Miep had become a confidante, especially to Anne and Edith Frank. She visited them upstairs daily during her lunch break. She even stayed overnight with them one night after Anne begged her to come to be their guest. She celebrated their birthdays. They celebrated Miep’s wedding anniversary. Miep knew how Anne treasured her diary.
Among the items strewn about after the raid, Miep found Anne’s red plaid diary, given to her on her 13th birthday before they went into hiding, and other papers. She grabbed them, went downstairs, and locked everything in her desk without reading any of it.
The tragic ending is known. Otto Frank was the only member of the family in hiding to survive the concentration camps. Margot and Anne were transferred from Auschwitz to Bergen-Belsen but died of Typhus shortly before the camps were liberated by the Allies. The Allies had invaded France on June 6, 1944, D-Day. Dutch citizens illegally listened to the BBC at night to get news of what they were sure would be an end to the war and a resounding defeat of the Germans.
Otto Frank returned to Amsterdam to live with Miep and Henk still holding out hope Margot and Anne had survived the final days of the war. When they learned Margot and Anne would not be coming home, Miep gave her diary to Otto. Otto read it but it was too painful for Miep to read it.

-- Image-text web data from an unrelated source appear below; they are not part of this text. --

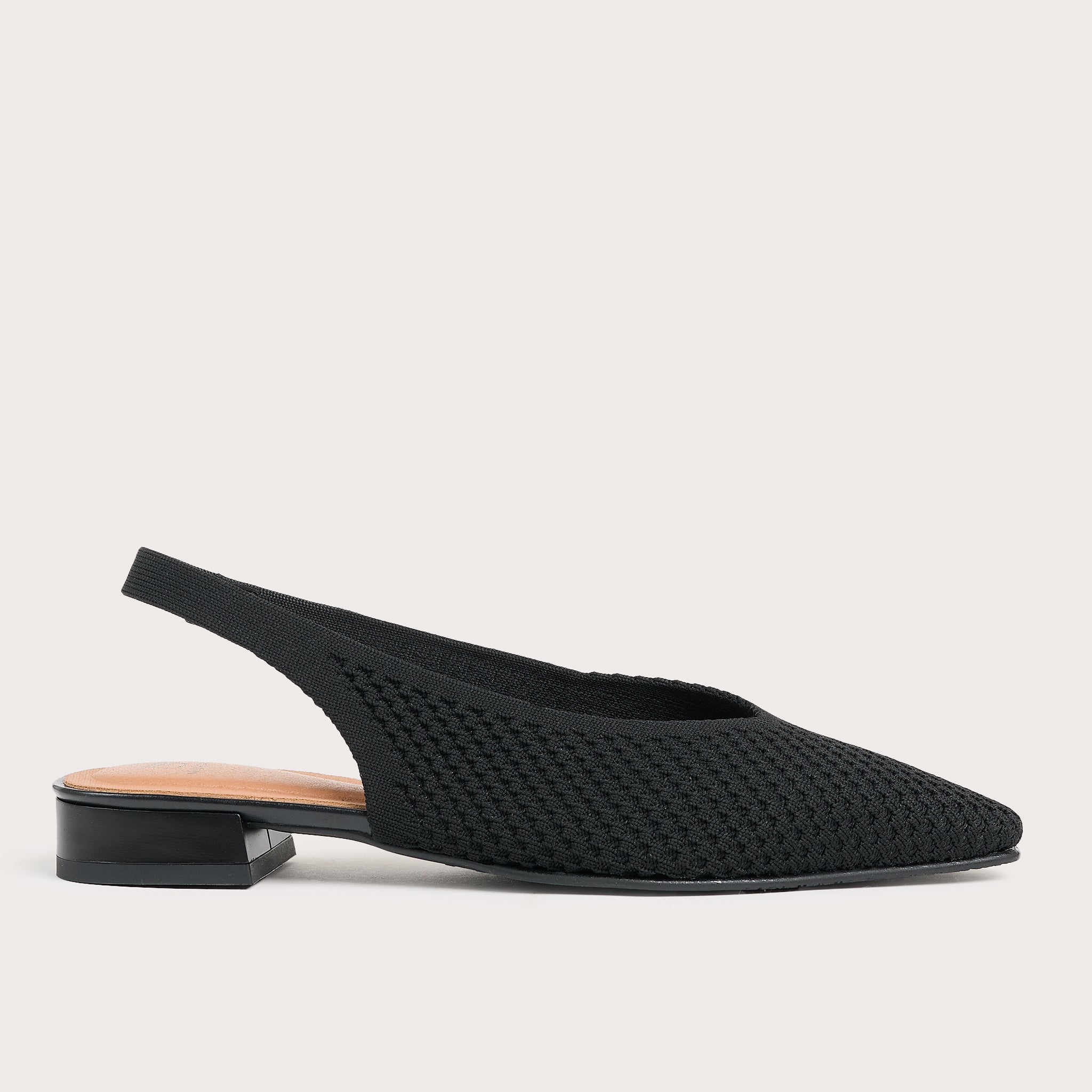 Miss Elastic Central - Black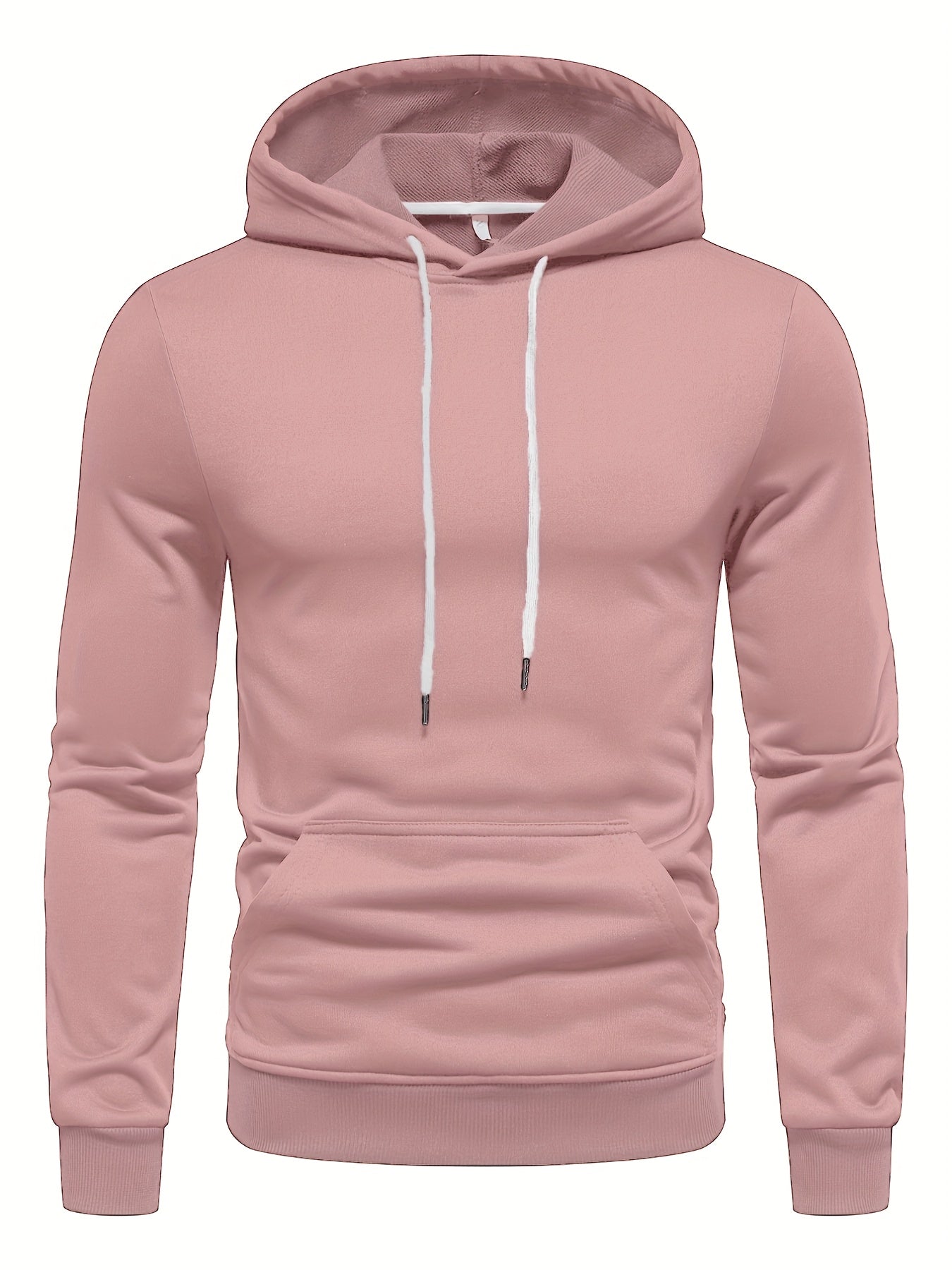 Maximiliano™ | Sweat à capuche Casual Stretch – 2+1 Gratuit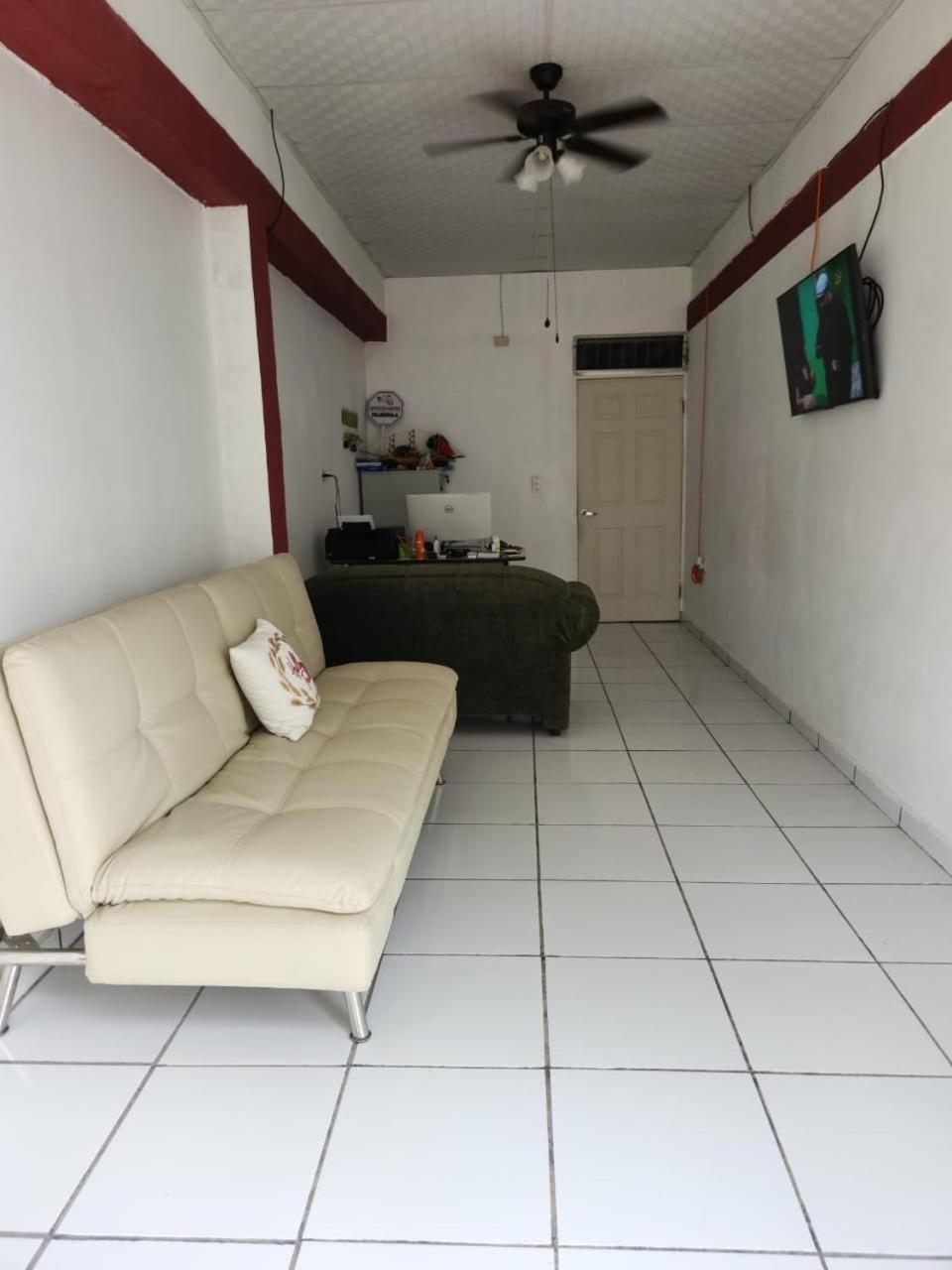 Aparta Hotel Palmerola Comayagua Luaran gambar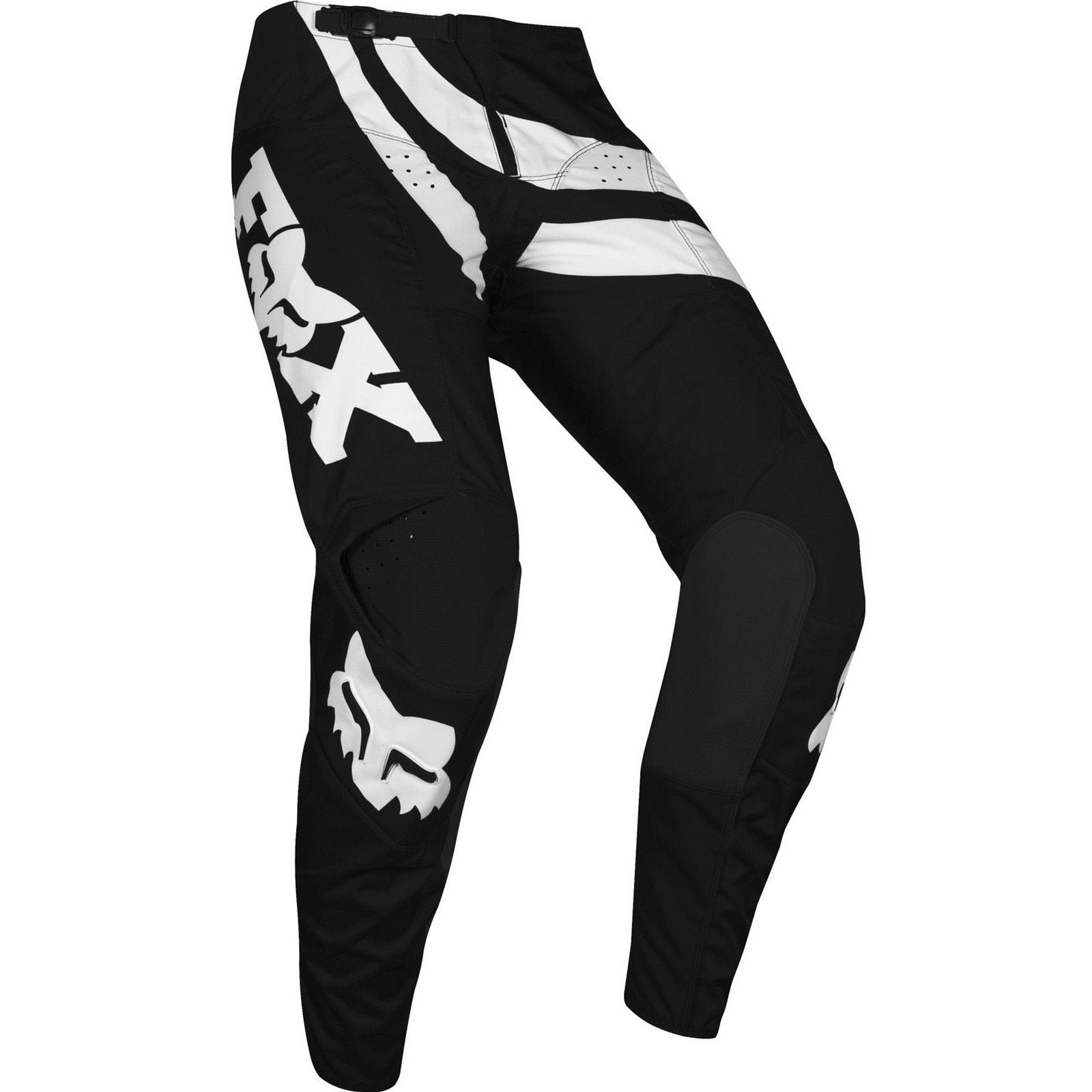 Pantalón Niño FOX RACING 180 COTA Negro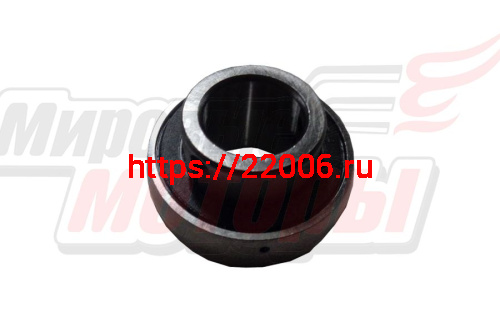 Подшипник сферический ST1170E,1170BS,STT1170E,1376Е опора вала редуктора(BE-SB204) Подшипник сферический ST1170E,1170BS,STT1170E,1376Е опора вала редуктора(BE-SB204)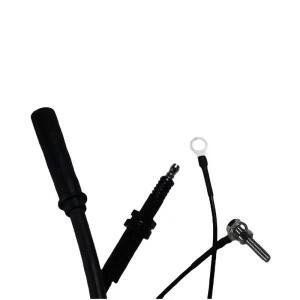 Hantek HT308 COP 연장 코드(접지 코드 포함) - 코일온플러그 진단용, 보조 점화 문제 해결용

Otto returned to his business. He would meet on Sundays with other Holocaust survivors who had lost their families. He shared parts of Anne’s diary with the group. Soon the diary was published. The book was published in many languages and read worldwide. The popular book was made into a Broadway play.
Miep agreed to read the diary and was glad she did. In 1987, she finally agreed to tell her story. After her book was published, she and Henk traveled extensively to speak to children and adults about the Holocaust. Otto Frank eventually remarried and moved to Basel, Switzerland. He left the spice business and devoted the rest of his life to tell his story to advocate for peace and tolerance.
In 2009, she wrote an afterword to her 1987 book to reflect on her 100th birthday.
“During the hiding time, I lived for the day that the war would end, when I would be able to go into the hiding place, throw open the doors, and say to my friends, ‘Now go home!’ This was not to be.” (p. 264)
Miep said there is not a day that goes by that she doesn’t think of her friends who did not survive the Holocaust.
She concludes the afterword with:
“For some reason, I was given a great opportunity to find and shelter the diary, to be able to bring the message from Anne to the world. I will never know why.” (p. 264)
Miep died in 2010 shortly before her 101st birthday.
Take time to read Miep’s book. Learn about the Holocaust. Imagine riding your bike for hours with ice hitting your eyes to find food for a hungry friend. Resolve to honor the thousands of ordinary citizens who helped Jewish families by never forgetting their acts of compassion, kinship, and love.
1994 Wallenberg Medal awarded to Miep Gies – University of Michigan
In 1994, Miep received the University of Michigan’s Raoul Wallenberg Medal. The video below is of Miep receiving the medal and delivering about a 30 minute lecture (from 18:25 to 51:00 in the video)
The 1994 Raoul Wallenberg Medal ceremony and lecture at the University of Michigan.
Copyright © 2019 Judith Stanford Miller/Student News Net. No portion of the text and Student News Net photos in this article can be copied, disseminated, or distributed without the author’s permission.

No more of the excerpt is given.